Stumperlowe Hall is an English Manor House situated in the city of Sheffield, England. It is located on Stumperlowe Hall Road, in the suburb of Fulwood. The hall is a Grade II listed building.

==History==
The present day house dates from 1854, a previous hall was built on the same site in the 1650s by Robert Hall, a descendant of the Mitchells, an ancient Hallamshire family who had held land in the Stumperlowe area since the end of the 14th century. Robert Hall and his wife Dorothy lived at Stumperlowe Hall for over fifty years, the couple had a son Henry Hall who also resided at the hall for a time. By 1716 the grandchildren of Robert Hall had to surrender the house by order of the Sheffield Manor Court and it was purchased by Daniel Gascoigne of Sheffield, an apothecary and John Hawksworth, a lead merchant. The hall was the residence and estate of Mr. Hawksworth and his family for most of the remaining years of the 18th century.

The hall was completely transformed in 1854 when it came into the possession of Henry Isaac Dixon (1820-1912) of Page Hall. Dixon was part owner of the Britannia metal manufacturing company James Dixon & Sons of Cornish Place. Dixon rebuilt and extended the hall in a subtle and sensitive style, introducing more light into the house by replacing the original mullioned windows with larger areas of glass. Dixon was also a generous patron of the Fulwood area providing money for tree planting and for the expansion of Christ Church on Canterbury Avenue. Henry Isaac Dixon died in 1912 and his son James Dixon (1851-1947) moved into the hall, James Dixon had taken over the running of the family firm in 1877 and was elected as one of the youngest ever Master Cutlers in 1887 at the age of 36. He moved out of Stumperlowe Hall in 1924, at the age of 73, although he lived until he was 96 years old.

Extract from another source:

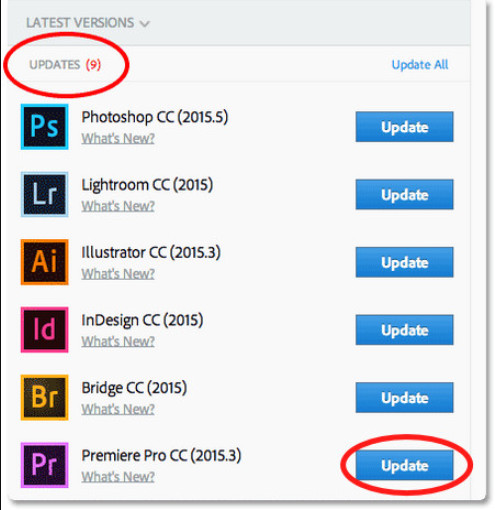 Update Premiere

After the Dixons, the hall was home for several families. In 1957 the hall was purchased by Lady Kenning, widow of Sir George Kenning, who had made a fortune by car sales and distribution through his firm now known as the GK Group. Lady Kenning died in 1974 and the hall has remained a family home since. The hall was for sale in September 2015 at a price of £2.25 million.

==Architecture==
The hall is constructed in the Tudor Revival style from coursed squared stone with ashlars dressing with a stone slate roof. The windows are mainly wood mullioned casements with label moulds. There is a small square porch with Tudor arch at the front door. The western side has a square two storey stone bay window. The interior features a 40 foot long reception hall with vaulted ceiling, the reception lounge has a ceiling which extends to the full height of the building, the dining room is oak panelled. The 2.5 acre grounds include a three bedroom lodge.